__Task brief__: Your output consists solely of the lines from the one that contains "Father-straping-baby-in-car-seat" to the end of the material, each reproduced exactly; pictures do not belong in it.
Start of Block
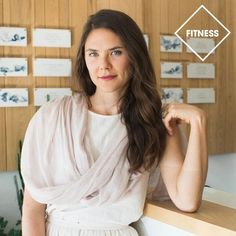 a woman standing in front of a wall with business cards on it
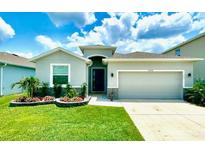 Charming single-story home with well-maintained lawn and manicured landscaping, enhancing its curb appeal at 33298 Major Oak Dr, Wesley Chapel, FL 33545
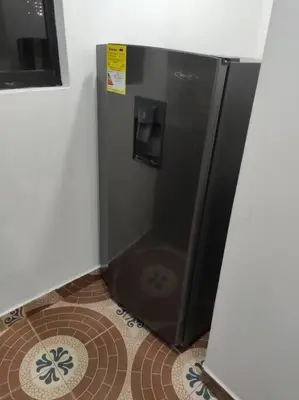 a small black refrigerator in a corner of a room at Hermoso apto con excelente vista in Bello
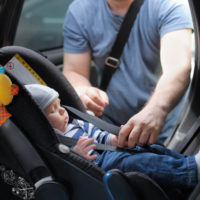 Father-straping-baby-in-car-seat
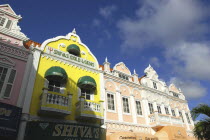 Oranjestad. Colourful colonial style facades of perfumerie and jewellery shops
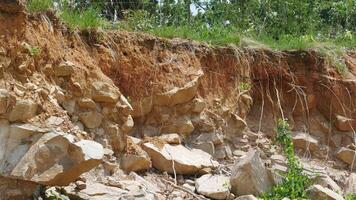 An erosion of soil and rock layers reveals rugged landscape with exposed stones and roots, showcasing natural processes of earth movement and vegetation growth photo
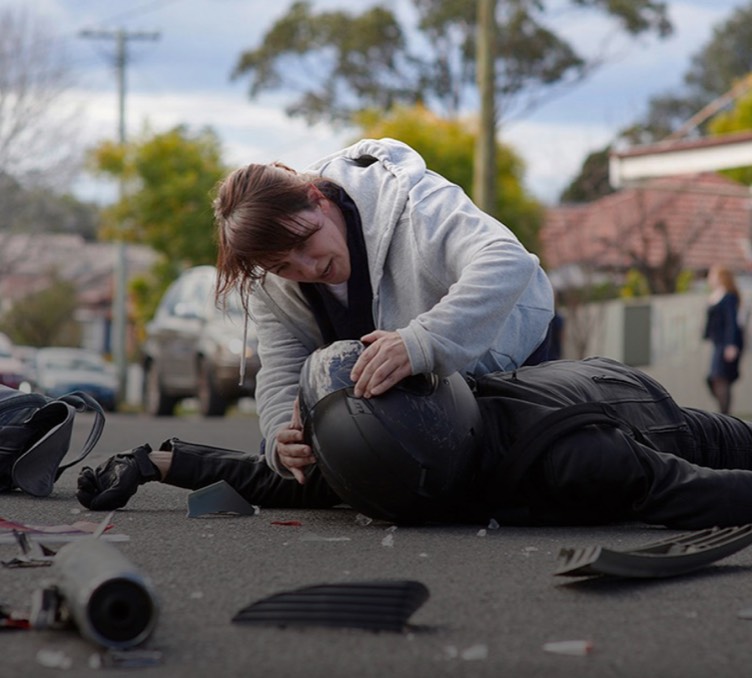 A still from our Aware Super campaign depicting a nurse assisting the victim of a motorcycle accident.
End of Block
__Output for this task__:
 Father-straping-baby-in-car-seat
 Oranjestad. Colourful colonial style facades of perfumerie and jewellery shops
 An erosion of soil and rock layers reveals rugged landscape with exposed stones and roots, showcasing natural processes of earth movement and vegetation growth photo
 A still from our Aware Super campaign depicting a nurse assisting the victim of a motorcycle accident.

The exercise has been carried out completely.